Thirteen-year-old Sam Enright will get some cool prizes, but the biggest benefit is knowing how to be a safe, ethical hunter.

Sam was only pursuing his interest in hunting when he signed up for a hunter-education class last November. He hit the hunting jackpot, however, when he became Missouri’s one millionth hunter-education graduate.

Sam has been fortunate to have more than one mentor. His hunting education began at the age of 7, when he accompanied his father, Dan, on deer and turkey hunts. Nurtured in this way, his interest in hunting grew. Last fall his dad bought him his first gun, a .30-30 deer rifle.

To meet the responsibility of gun ownership, Sam enrolled in a hunter-education class taught by volunteer instructor Kevin Dixon at the Four Rivers Career Center in Washington, Missouri. Good instruction and his own keen interest enabled Sam to score 96 percent on the final exam. He missed only one question.

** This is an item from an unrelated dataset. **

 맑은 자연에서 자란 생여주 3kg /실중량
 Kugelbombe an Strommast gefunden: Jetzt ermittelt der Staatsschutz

Successfully completing the hunter education course entitled Sam to buy firearm hunting permits and hunt on his own. As it turns out, he won’t ever have to buy some hunting permits: In recognition of his special place in hunter-education history, the Missouri Conservation Heritage Foundation gave Sam a Resident Lifetime Small Game Hunting Permit, a $275 value.

“I thought that was real cool,” said Sam. “I want to make sure I use it a lot.”

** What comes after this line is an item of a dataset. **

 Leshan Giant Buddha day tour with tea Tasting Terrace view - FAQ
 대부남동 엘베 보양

Sam also received a full set of camouflage clothing and a guided spring turkey hunt from Bass Pro Shops and a 20-gauge Browning BPS semi-automatic youth shotgun donated by Browning. He was also recognized at the annual meeting of the Missouri Hunter Education Instructor’s Association Feb. 9 through 11 at the Lodge of Four Seasons, Lake Ozark. 

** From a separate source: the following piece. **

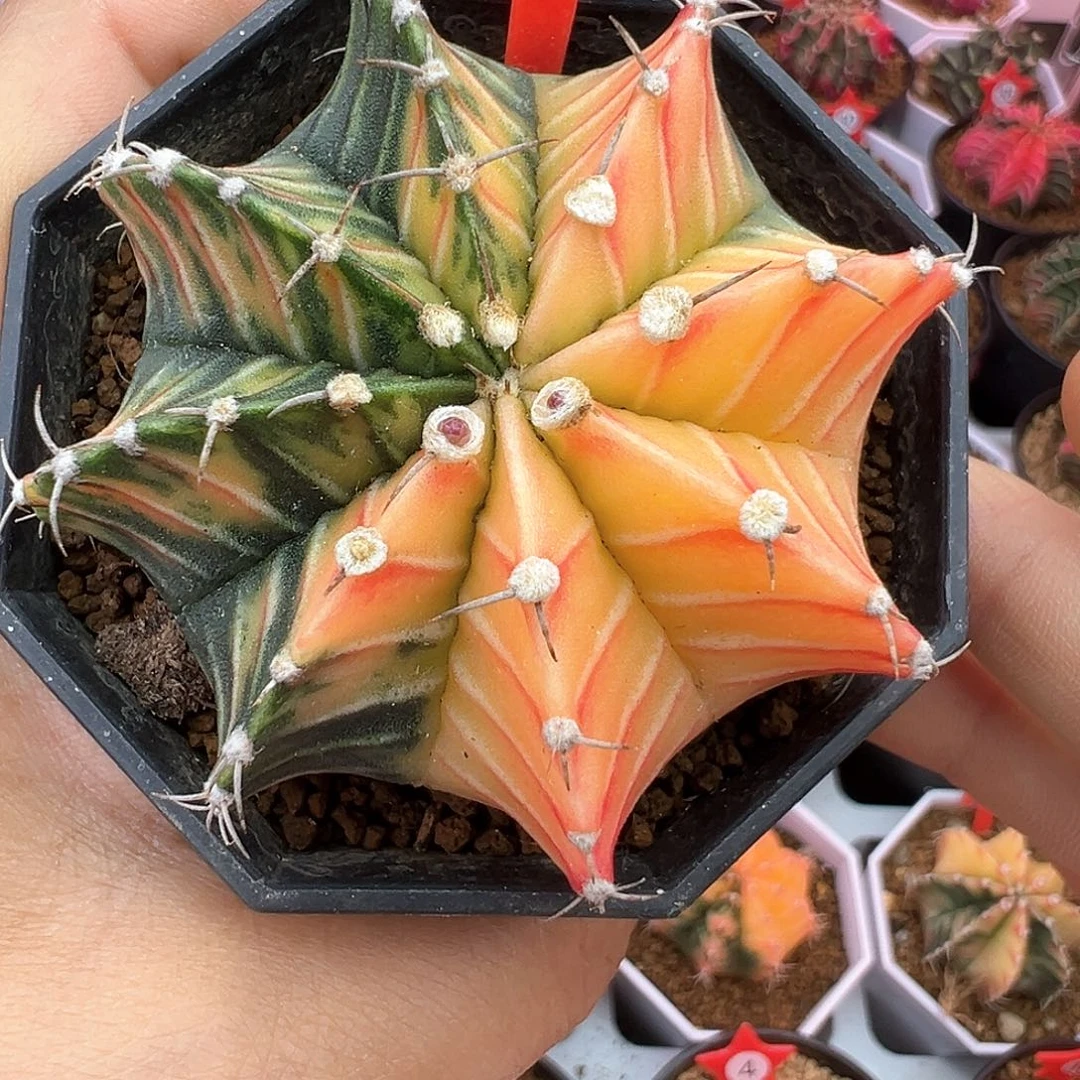 如****@159-肋骨锦带盆土发货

“Cool” as all the prizes he received are, Sam counts the knowledge he gained as the most important benefit of the 10-hour course. “The most important thing I learned is to always be safe,” he said. “I learned about shotgun gauges and stuff I never knew before. I thought that was pretty interesting.” 

As Sam discovered, hunter education has several purposes besides the primary goal of promoting safety. Students also learn about outdoor ethics, first aid, the types and uses of firearms, wildlife management, hunting laws and caring for game after the hunt.

The landmark represented by Sam’s hunter-education certification coincided with the 50th anniversary of Show-Me State hunter education in 2006. It took nearly 40 years for the Missouri Department of Conservation and its corps of volunteer instructors to train the first 500,000 hunter education students. The second half-million took only 16 years.

That was due in part to the fact that hunter education became mandatory in 1988. Since then, anyone born on or after Jan. 1, 1967, has had to successfully complete an approved hunter-education course to qualify to buy firearm hunting permits. In the first year of mandatory hunter education, a whopping 64,000 Missourians took the course.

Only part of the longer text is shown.